I've just received some news which, for me, is incredibly depressing.
Dunno how many of you know this, but I'm an American living in the UK. I've been here as a student for the last five years, and until a few minutes ago, I thought I would be able to apply for Indefinite Leave to Remain after the 27th of September (my 5-year anniversary).
What ILR means is, essentially, I'd get all the rights of a citizen to come and go as I willed from the UK, for the rest of my life.
Great thing, right? Unfortunately, I don't qualify for this.
See, I've been living here as a student, in the interests of finally obtaining qualifications of some sort which will allow me to actually get a job.
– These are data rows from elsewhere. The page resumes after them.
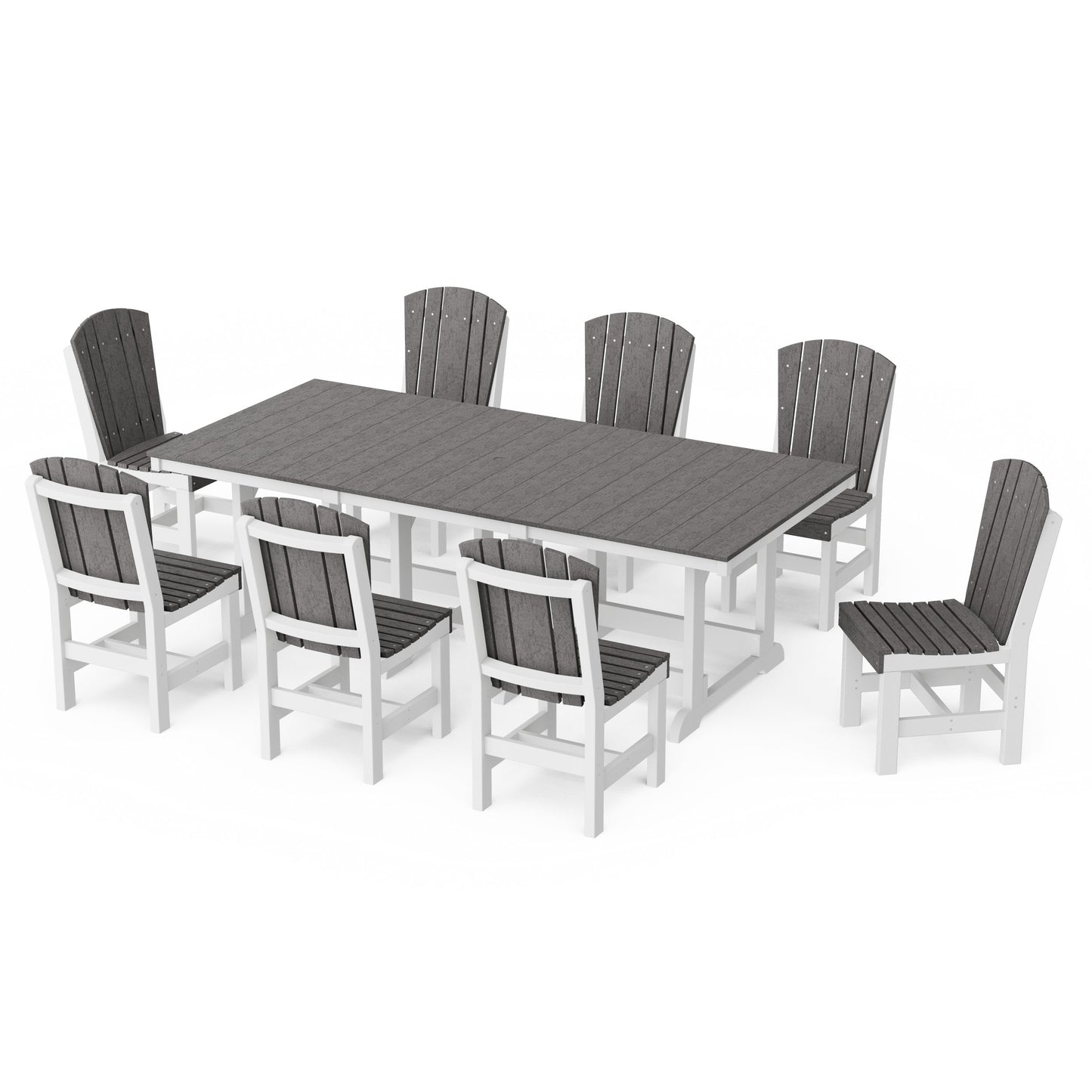 Heritage 9-Piece Side Chair Rectangular Dining Set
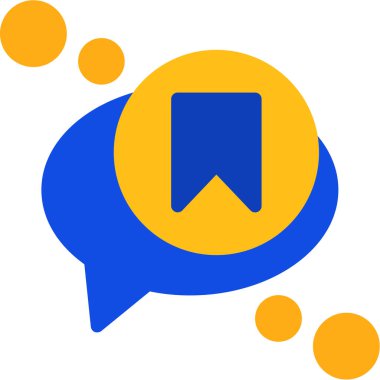 Konuş. Web simgesi basit illüstrasyon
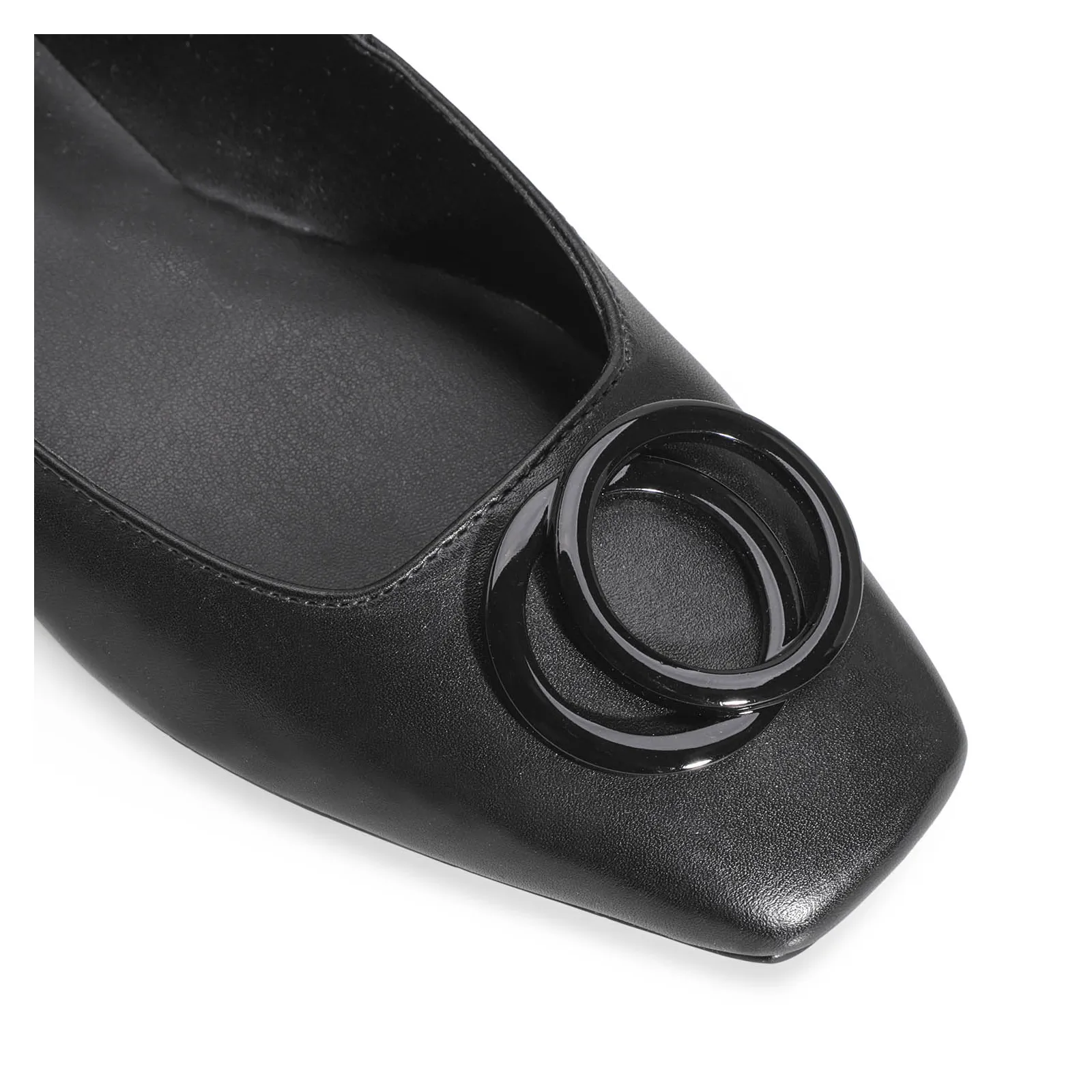 Sapatilha Couro Preto
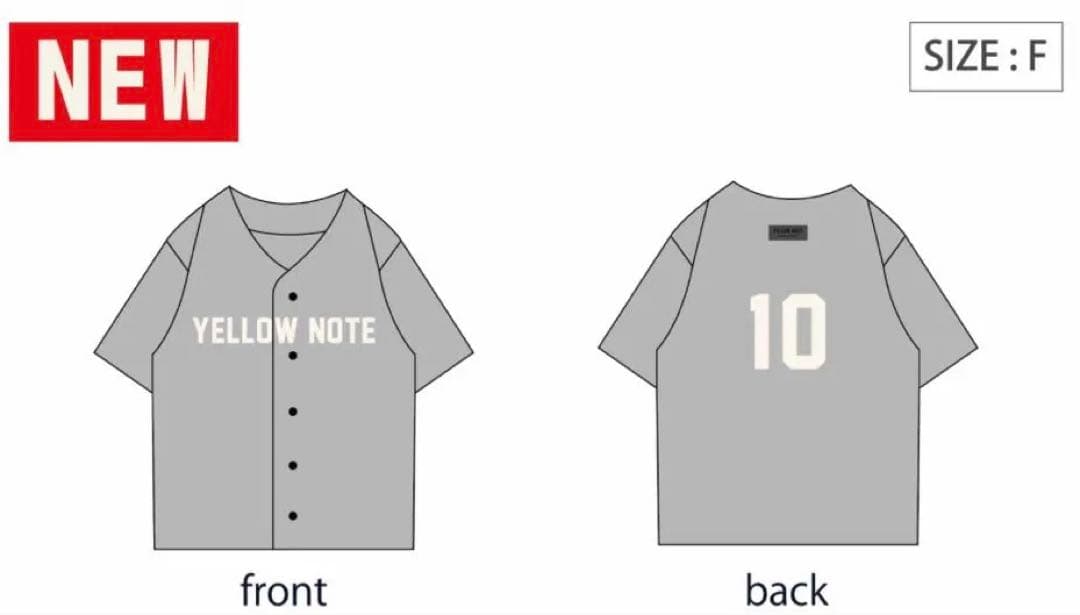 赤西仁 グッズ ベースボールシャツ　YELLOWNOTE 2023 Tシャツ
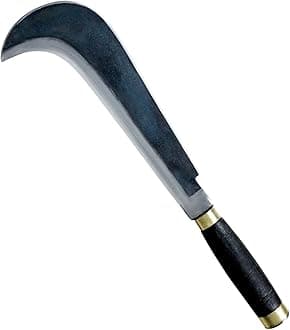 Brand Multi Purpose Handmade Full Tang Kitchen Knife | Made of Strong Suspension Leaf | 8 inch Blade Length Iron Aruval | MADHURAI Billhook.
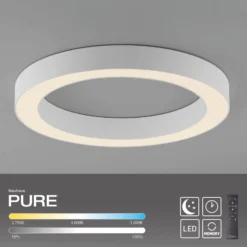 LED-Deckenlampe PURE Lines, Ø 35 cm, weiß, CCT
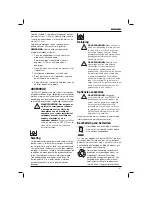 Preview for 83 page of DeWalt D21570 Original Instructions Manual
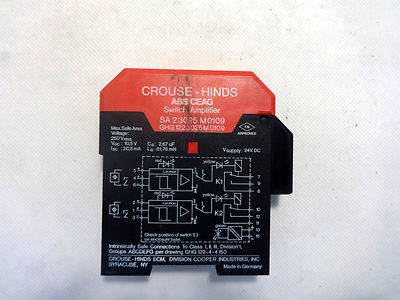NEW CROUSE-HINDS ABB CEAG SA-2-3025-M0109 GHG 122-3025M0109  SWITCH-RELAY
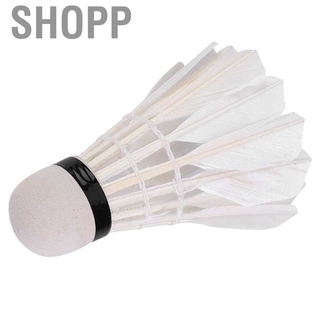 [READY STOCK] 3Pcs Goose Feather Shuttlecocks Badminton Ball Game Sports Training Equipment (7)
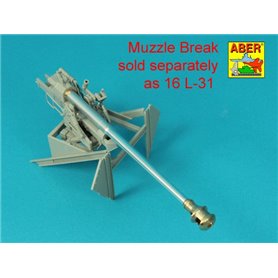 ABER 1:16 Metalowa lufa 75mm PaK.40 bez hamulca wylotowego
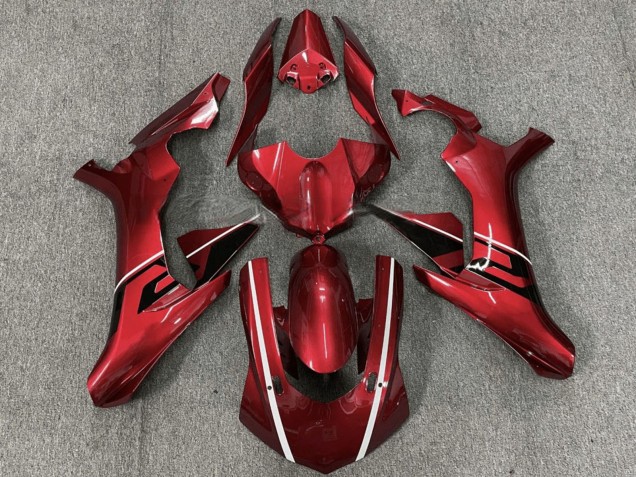 2015-2019 Yamaha YZF R1 Motorcycle Fairings - Red White Black Australia
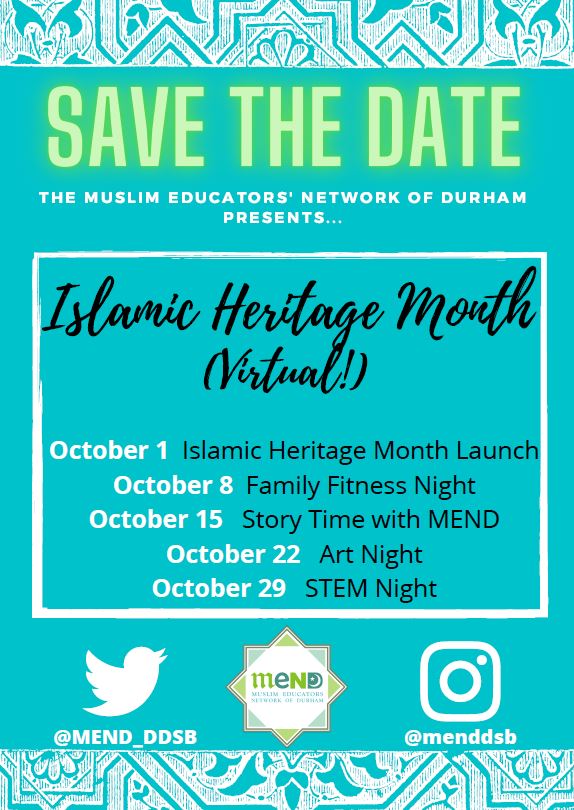 Islamic Heritage Month Activities!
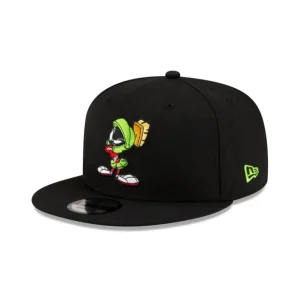 Fashion Looney Tunes Marvin the Martian Black 9FIFTY Snapback Hat - KTGCaps - Baseball caps for various teams, purchased online at a discount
In all the time I've been here, I've never been accepted even for the piddly part-time summer cafe-waitress jobs I've applied for (I have a long list of reasons why nobody will hire a 20-something foreigner with previous work experience, living under a student visa, but I'm not going to go into that here).
But living under a student visa gives me all the rights of, say, that moth you just swatted on your wool coat. Despite the last five years costing a shocking amount in tuition, bills, rent, food, clothing and yes, taxes (because the City Council will leech me for property tax and there's not much I can do about it) - none of which has come from external funding (there is no agency in the world that will pay for this sort of thing) - I get to be viewed as a virtual parasite on society, attempting to take a job away from some hard-working National.
What I get to look forward to now is paying for an extension on my student visa so I can finish this degree, then whoring myself out to the first company which will acquire a work visa for me, with the potential worst outcome of being a virtual slave for a further five years, unable to leave a horrible workplace without losing my right to live in the UK.
Well, no. The absolute worst outcome would be never getting a job at all and being kicked out of the UK, losing everything I have built for myself here. My life, my friends, my home. I've been at the mercy of a capricious and quixotic bureaucracy most of my adult life, and every time I seem to have gained a little victory over the system, it turns and swats me down again.
I dunno what else to say.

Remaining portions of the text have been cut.